- The Washington Times - Thursday, September 23, 2004

In some ways, Iraqi Prime Minister Iyad Allawi’s address to Congress yesterday, during which the Iraqi leader made a powerful case for American support, was not unlike Ethiopian leader Haile Selassie’s historic address to the League of Nations 68 years ago: a compelling speech delivered in order to rally the civilized world in repelling aggression against a small nation. Although Mr. Allawi’s address got a warm reception from President Bush and an overwhelming, bipartisan majority of Congress, it received a dismissive response from Sen. John Kerry.

On June 30, 1936, Selassie ( a man whose title included the “Lion of Judah”), spoke before the League of Nations in Geneva, where he implored the international community to reverse Italian dictator Benito Mussolini’s aggression against Ethiopia. Selassie described how Italy had brutally conquered his nation, employing mustard gas to slaughter men, women and children. Unfortunately, the League of Nations, a weak organization practicing appeasement, failed to act.

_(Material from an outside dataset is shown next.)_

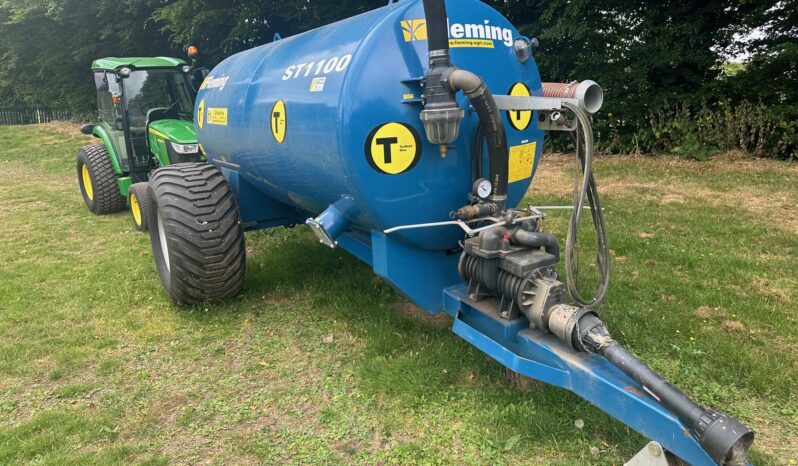 Fleming VACUUM TANKER ST1100 full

Like Selassie’s address, Mr. Allawi’s was an effort to rally free peoples to support an embattled country against dark, messianic totalitarian forces. But the major threat to the Iraqi people right now is not from foreign armies — as was the case in Selassie’s time — but from a multinational coalition of terrorists, supported by neighboring states like Iran and Syria. They hope that, by killing as many people (both Iraqis and non-Iraqis) as possible they can drive U.S.-led coalition forces out of the country and establish an Islamist dictatorship.

Yesterday Mr. Allawi thanked Congress and the American people “for making our cause your cause, our struggle your struggle” and going to war “to liberate my country.” He added: “I stand here today as the prime minister of a country emerging finally from dark ages of violence, aggression, corruption and greed … as we lived under tyranny at home, so our neighbors lived in fear of Iraq’s aggression and brutality. Reckless wars, use of weapons of mass destruction, the needless loss of hundreds of thousands of lives and the financing and exporting of terrorism, these were Saddam’s legacy to the world … your sacrifices are not in vain.”

Although Mr. Allawi’s remarks were repeatedly interrupted by applause from Democratic and Republican lawmakers alike, Mr. Kerry, who rarely makes it to the Senate floor these days, delivered a contemptuous response from the campaign trail: “The prime minister and the president are here obviously to put the best face on the policy,” but reports from the battlefield suggest that American is “losing the peace.”

Yet Mr. Kerry continues to have a credibility problem of his own — the fact that he has failed to come up with any workable solutions to Iraq’s problems that are substantively different from Mr. Bush’s. Worse, his heart just doesn’t seem to be in a stubborn fight for victory. John Forbes Kerry seems increasingly like a modern-day version of the defeatist, enervated men of the failed League of Nations.